§ WHAT IS REQUIRED
Your copy of the entries below should hold exactly the lines from the one containing "Hi, it's Rich" to the one containing "First let's load", inclusive, and no pictures.

§ MATERIAL FOR THE TASK

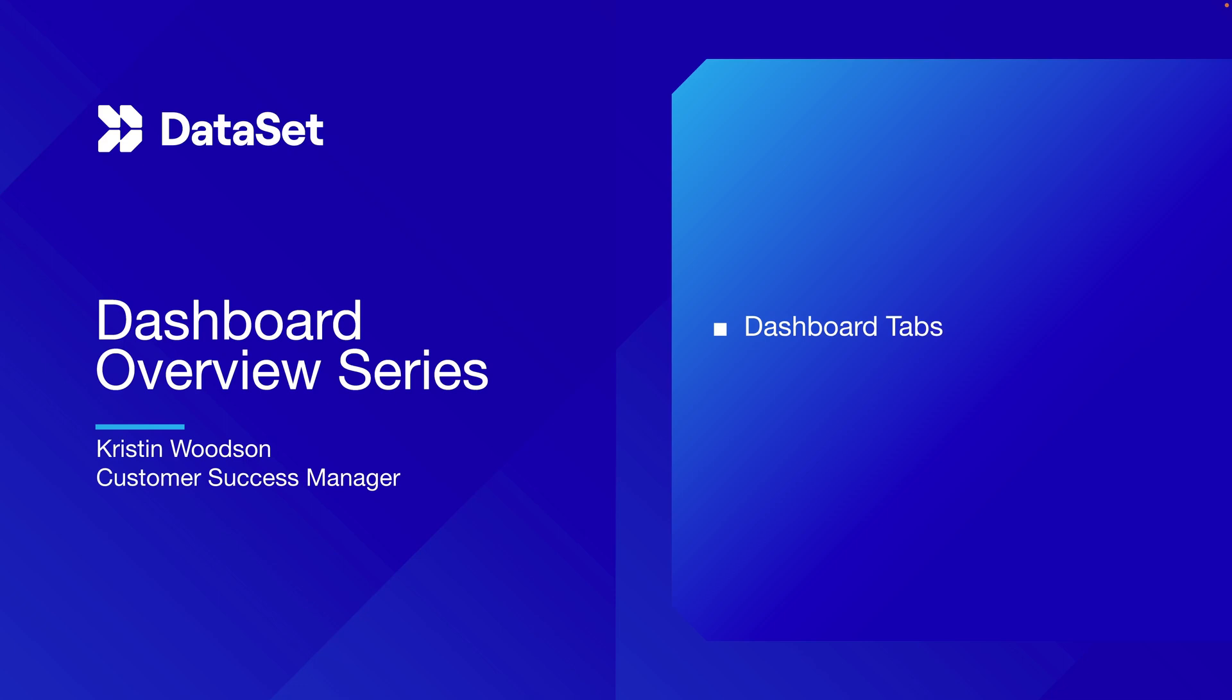Kristin Woodson here, customer success manager with Dataset. This is the fourth video in our dashboard overview series. In this video we're going to take a look at dashboard tabs.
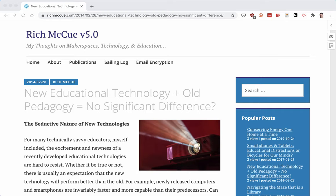Hi, it's Rich here. I'm going to quickly show you how to use Hypothesis to annotate an HTML file, a web page, or a PDF file. So here we have a web page, and I can tell that I've got Hypothesis installed because there's this little icon here on the side.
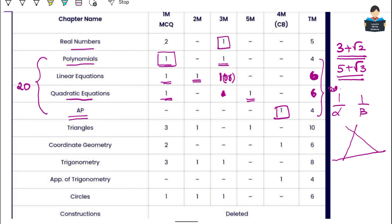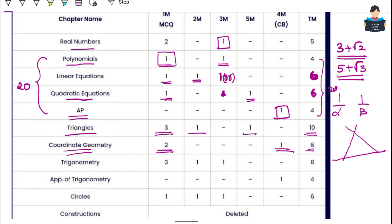Next is Coordinate Geometry and Geometry. The Triangles chapter is a high-weightage chapter at 10 marks — with 3 one-mark questions, 1 two-mark question, and 1 five-mark question. For Coordinate Geometry, there is 1 mark question and a case-based question totaling 6 marks. Coordinate geometry also includes 2-mark, 3-mark, and 5-mark sums.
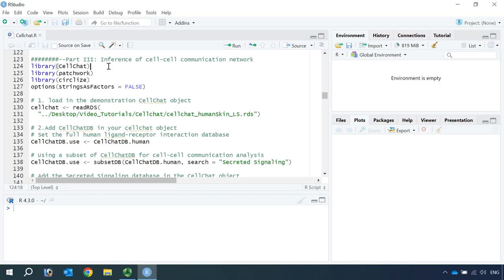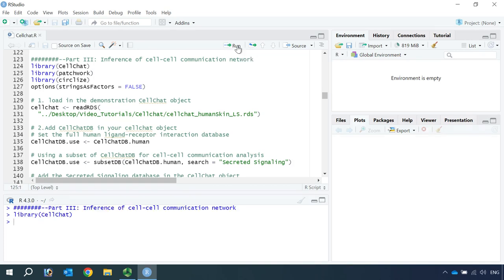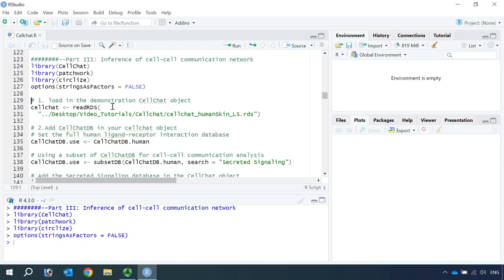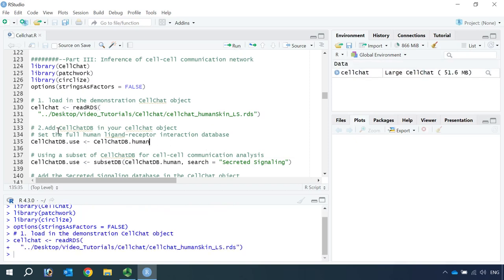First let's load all the packages: CellChat, Patchwork, CircleLine, and set the options. In CellChat video tutorial 1, we created a CellChat object and named it as CellChat human skin LSRDs, and we saved this object for today's analysis. So let's load in the CellChat object.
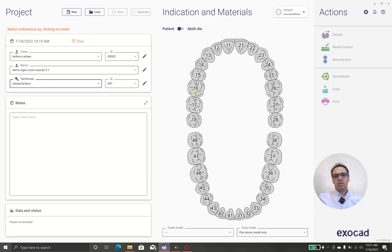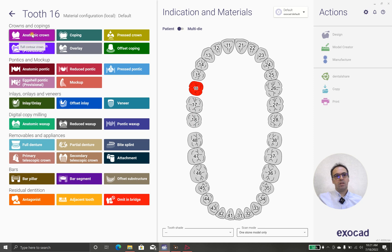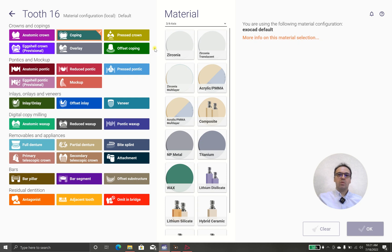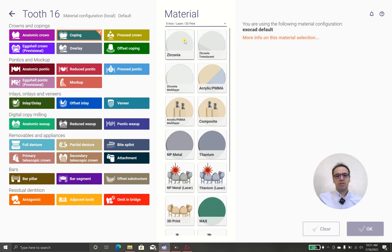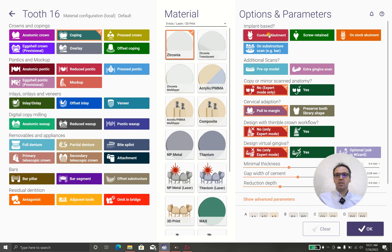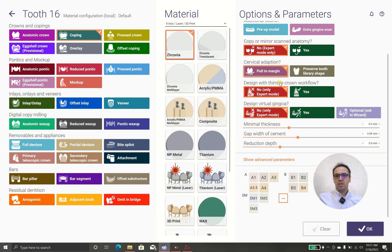As we discussed, we are going to design tooth 2.16, an anatomy crown or coping. We have preferred coping — let me show you what a coping looks like. For 5-axis milling, I prefer to use zirconia. It's not a custom abutment, not screw-retained, not a stuck abutment. I don't have a pre-op model or gingiva, so I leave everything as is. The minimal thickness of 0.6 is good, and 18 microns is perfect. Reduction at 0.8 is good.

§ COMPLETED EXERCISE
Hi, it's Rich here. I'm going to quickly show you how to use Hypothesis to annotate an HTML file, a web page, or a PDF file. So here we have a web page, and I can tell that I've got Hypothesis installed because there's this little icon here on the side.
Next is Coordinate Geometry and Geometry. The Triangles chapter is a high-weightage chapter at 10 marks — with 3 one-mark questions, 1 two-mark question, and 1 five-mark question. For Coordinate Geometry, there is 1 mark question and a case-based question totaling 6 marks. Coordinate geometry also includes 2-mark, 3-mark, and 5-mark sums.
First let's load all the packages: CellChat, Patchwork, CircleLine, and set the options. In CellChat video tutorial 1, we created a CellChat object and named it as CellChat human skin LSRDs, and we saved this object for today's analysis. So let's load in the CellChat object.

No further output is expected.